Now, this is not an exhaustive list – it is a place to start with some of the more obvious elements of shooting decent photographs in the midday sun. Don't stop here – keep experimenting, keep learning. It is from combining learning with the practical element of shooting that your images will get better.

Let's get started.

Lower The ISO

This is the obvious one. If you know the exposure triangle well, then you will know that you will almost certainly have to be shooting at a low ISO – probably in the range of 50 or 100. The good part of this is that this will also lead to a reduction in noise for your image.

To wrap your head around ISO and how it affects your images, take a look at our more in depth guide to getting started with ISO.

Learn the Sunny F16 Rule

This is a guideline that more or less can inform your decisions on your camera settings. The basic rule is that shooting in harsh sun, if you set your camera to ISO 100, f/16 and 1/100th sec shutter speed, you will get a reasonable exposure.

Now, no set rule like this is going to be applicable in every single situation, so you will probably need to change one or two elements of that setup for your own situation, but it is a reasonable place to start. Just be sure to know your exposure triangle and how it affects the various outcomes in your photograph.

See our more in depth article on the sunny 16 rule for more information.

photo by Jeremy Bishop

photo by Jeremy Bishop

Watch Your Histogram Like a Hawk

In shooting in any harsh conditions, you are going to want to really know how to read a histogram on your camera.

In the case of shooting in the midday sun, you will want to be especially wary of losing details in the highlights. (The edges of clouds can be especially tricky here). Remember, that if your histogram is stacked up against the right side of the graph, then you have blown out your highlights (meaning those pixels are pure white and you won't be able to do much with them in post production).

Ideally, you will want a bell shaped histogram (maybe slanted slightly to the right in certain situations).

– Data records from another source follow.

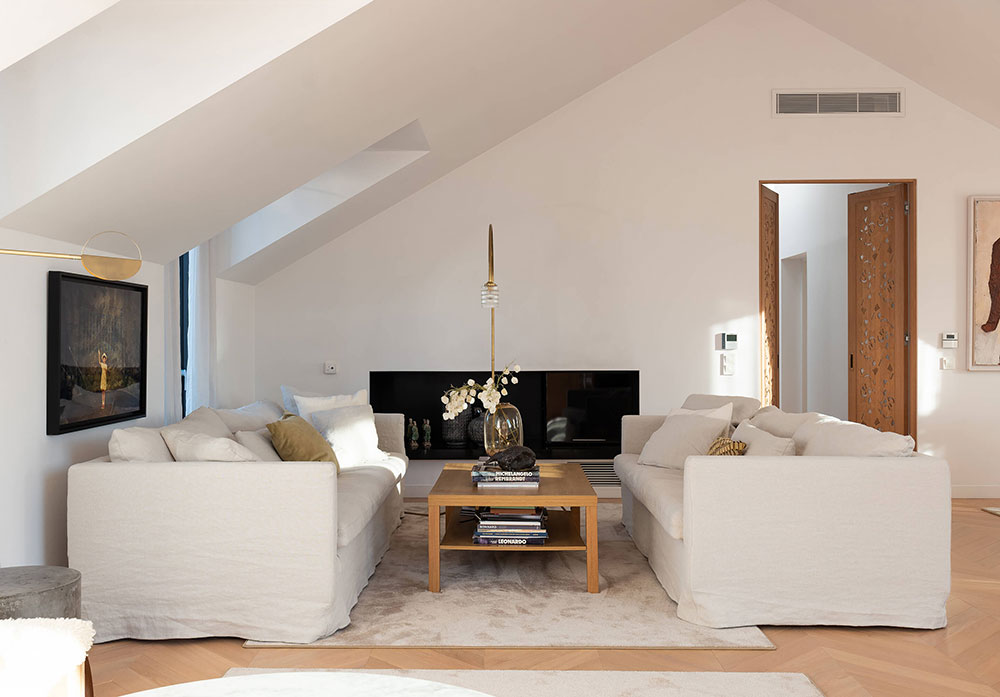 salon appartement design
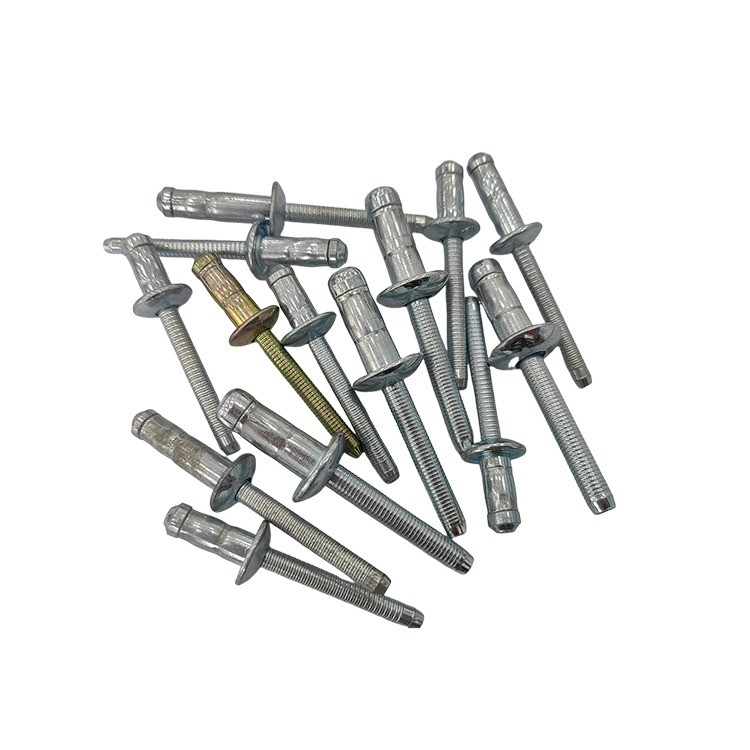 2024 Carbon Steel Blind Rivet met Control Test Report 4.8mm Dome Head en Competitive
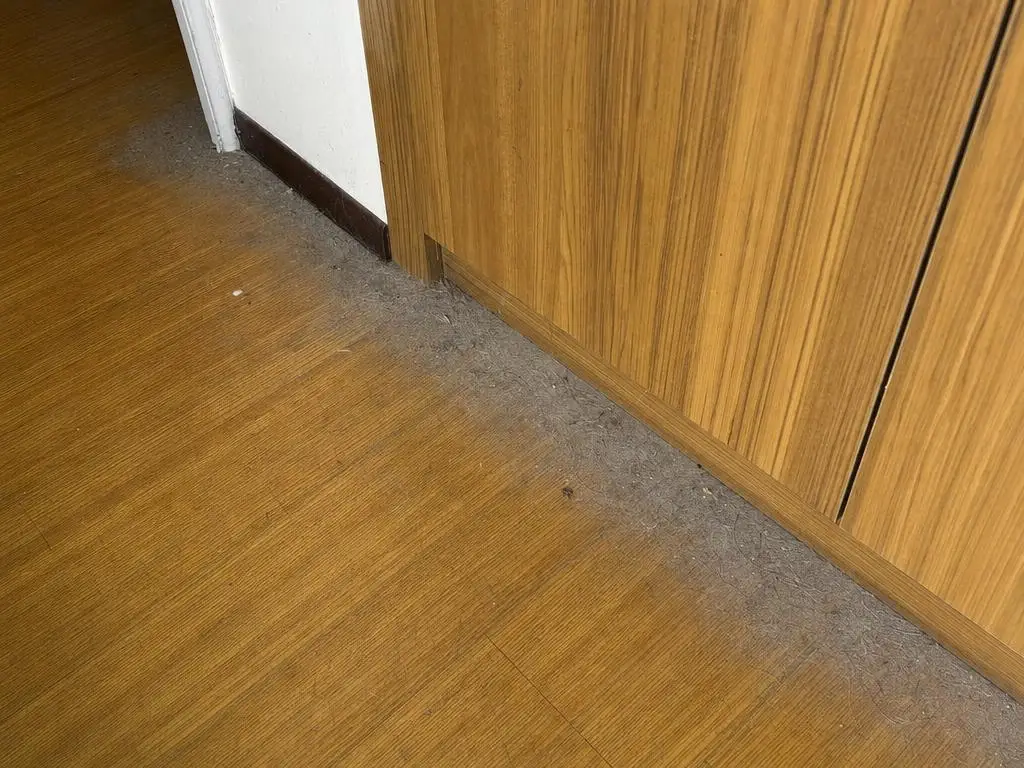 Sambungan lantai laminasi kayu dekat lemari pakaian, kotoran meresap di celahnya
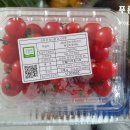 솔바우영농조합법인 이미지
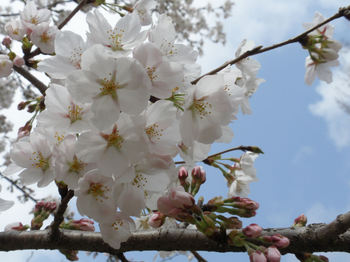 桜 2011.jpg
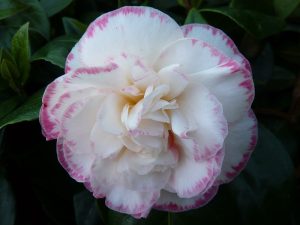 Camellia japonica 'Margaret Davis' 7.5 Litre-0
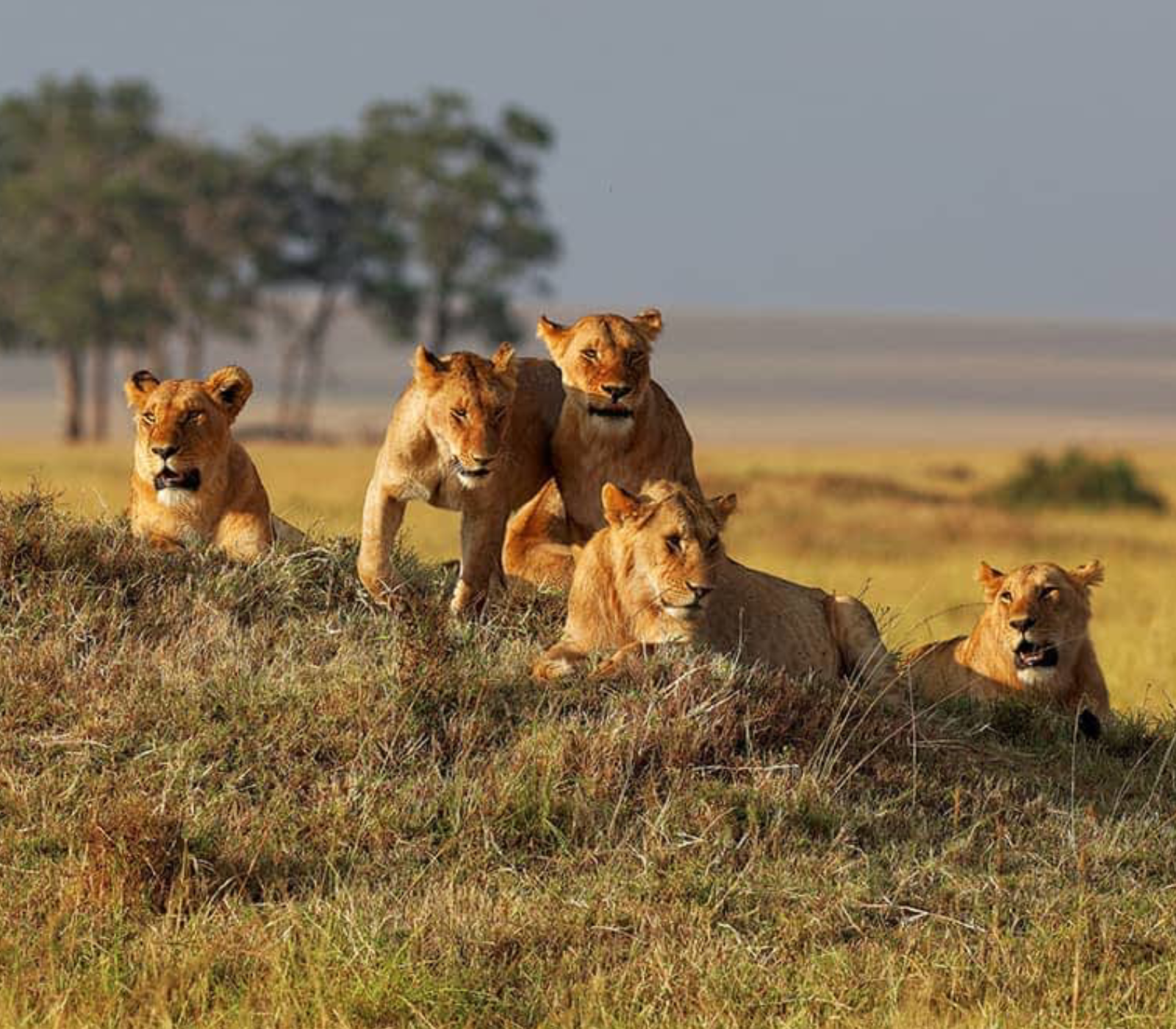 6 Days - Samburu, Lake Nakuru, Masai Mara Safari  Attractions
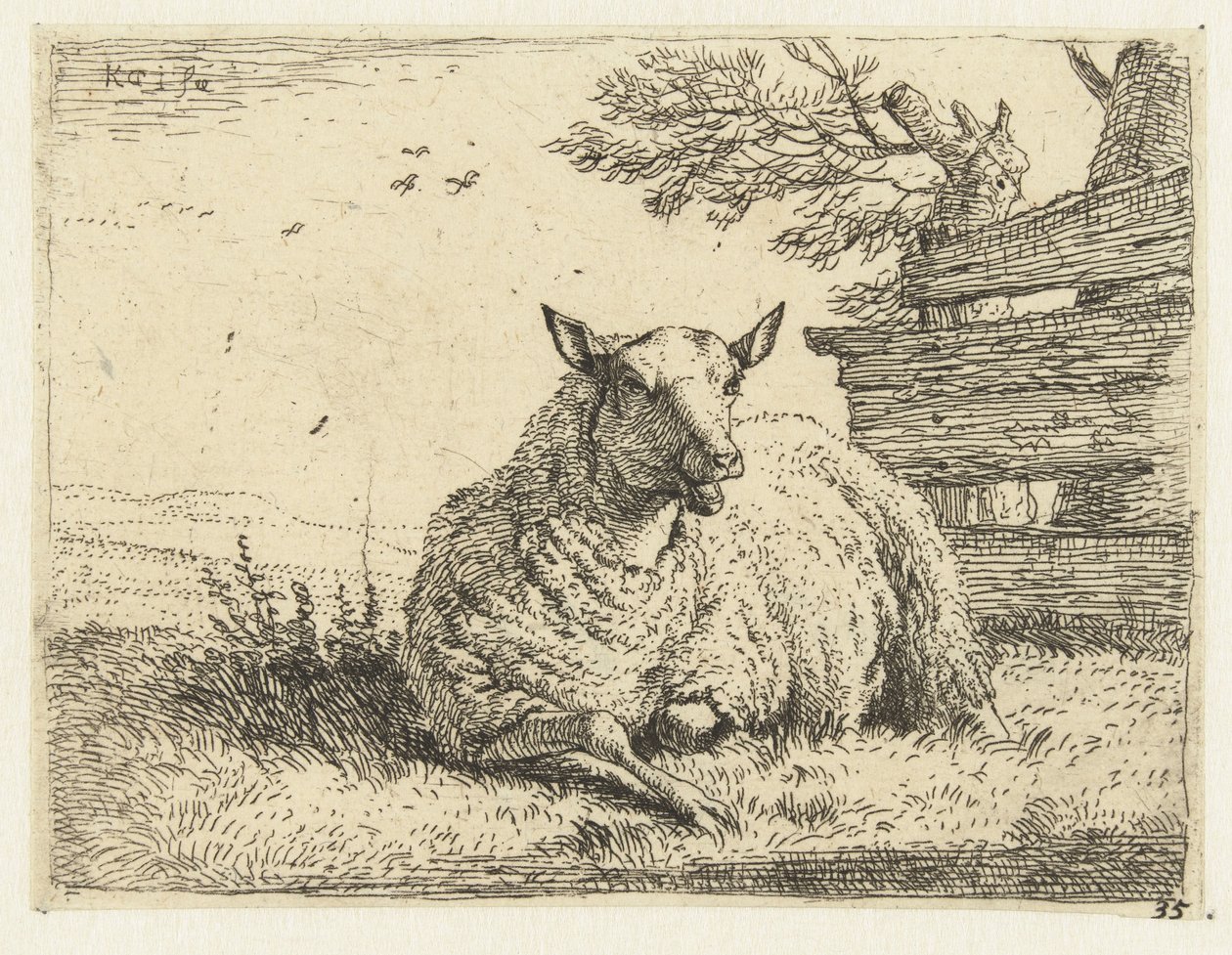 Sheep by a Fence by Karel Du Jardin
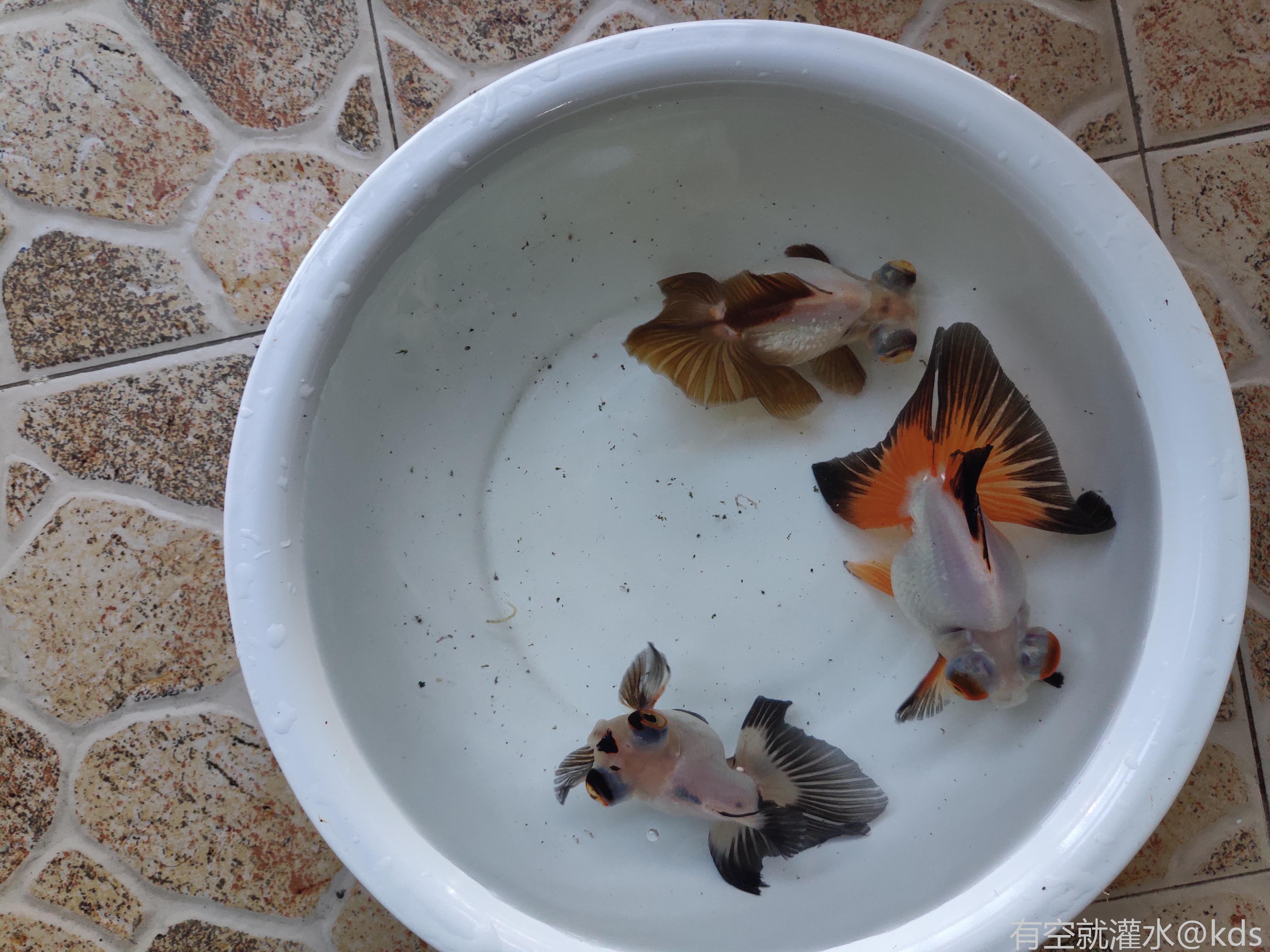 天热,金鱼开始变色了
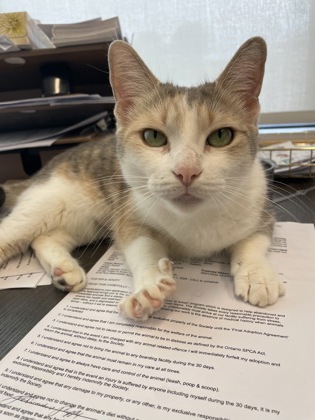 North Bay Humane Society » Cats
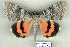  ( - 8061-060800-RU)  @13 [ ] Unspecified (default): All Rights Reserved  Unspecified Unspecified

There are very few (no?) circumstances where you want your histogram stacked to either the right or the left. This means lost details in the highlights or shadows which is almost impossible to recover in post production.

Strongly Consider a Polarizing Filter

When shooting outside in harsh light, and looking at your histogram, you will soon realise that stopping your histogram from going up against the right of the graph is very very difficult in such a situation.

Certain parts of a photograph such as clouds, water reflections and reflections off glass will almost certainly produce a shooting situation in which you get blown out highlights.

One remedy that is common to outdoor shooters is to always take a CPL with you (circular polarising filter). In addition to saturating the blues in the sky, a CPL will cut down on glare significantly. This means less of those blown highlights.

For more information, read our article on circular polarising filters here.

photo by mabel amber (A CPL can saturate the sky)

photo by mabel amber (A CPL can saturate the sky)

Consider an Neutral Density Filter

If you are shooting in harsh light and you are still getting blown highlights with a CPL, then you might want to also consider a Neutral Density Filter (ND). (These can be used with or without a CPL).

NDs come in various strengths and are basically a dark piece of glass that dims the light coming into the camera.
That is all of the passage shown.